An exact reproduction of the listing is wanted, with the pictures dropped.

(EXERCISE DATA)

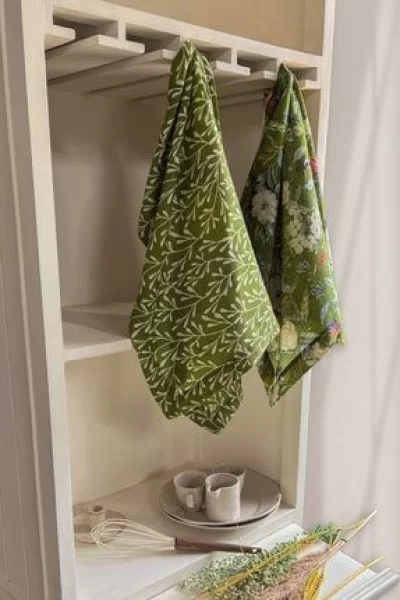 Sertex HomeYeşil Çiçek Ve Yaprak Desenli 2'li Mutfak Bezi Sertex HomeYeşil Çiçek Ve Yaprak Desenli 2'li Mutfak Bezi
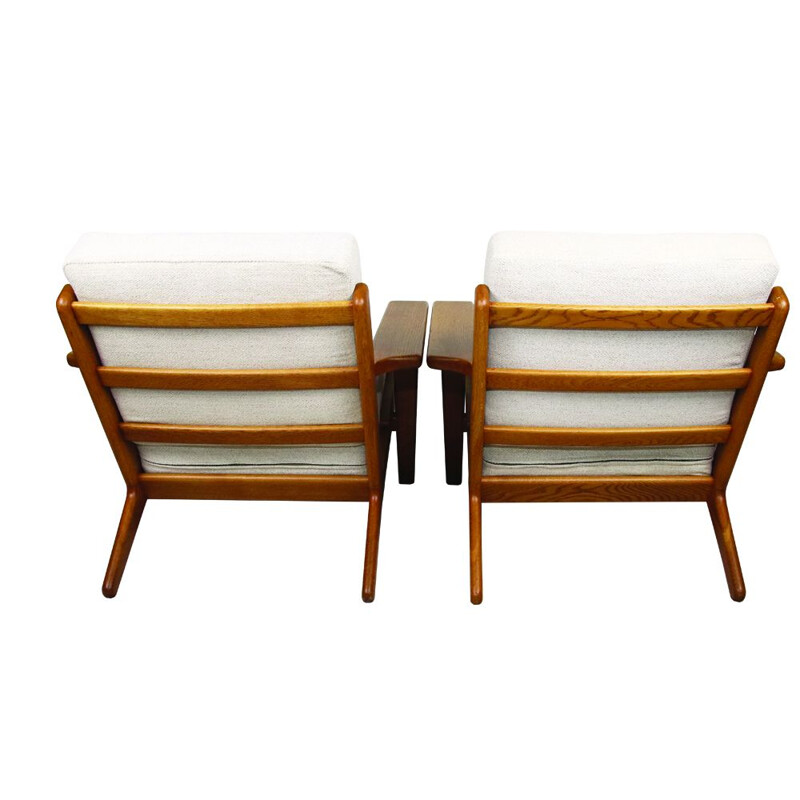 Pair of vintage lounge chairs GE-290 by Hans Wegner for Getama Danish 1953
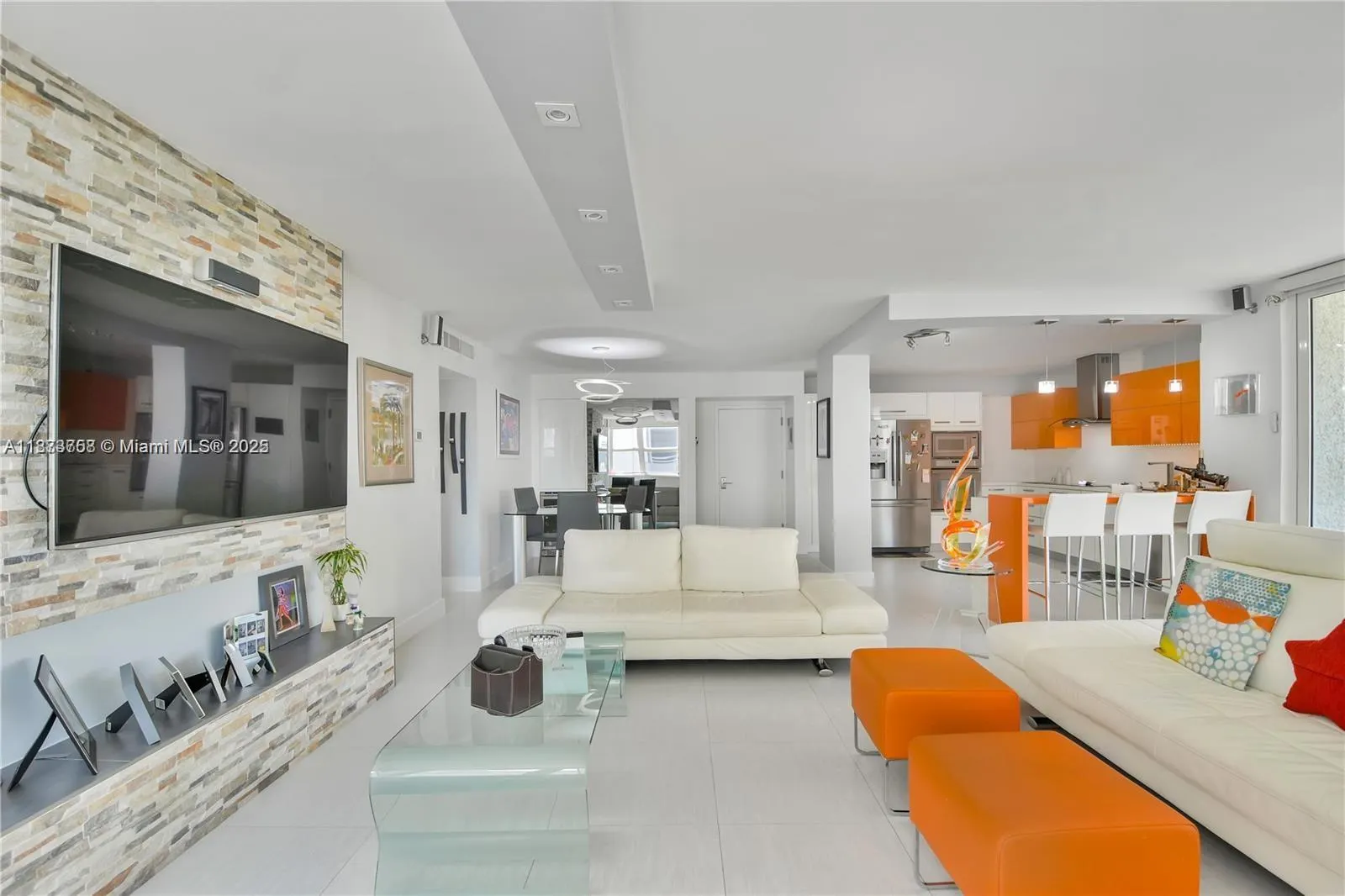 5750 Collins Ave, #14A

(End EXERCISE DATA)

:: ANSWER ::
 Sertex HomeYeşil Çiçek Ve Yaprak Desenli 2'li Mutfak Bezi Sertex HomeYeşil Çiçek Ve Yaprak Desenli 2'li Mutfak Bezi
 Pair of vintage lounge chairs GE-290 by Hans Wegner for Getama Danish 1953
 5750 Collins Ave, #14A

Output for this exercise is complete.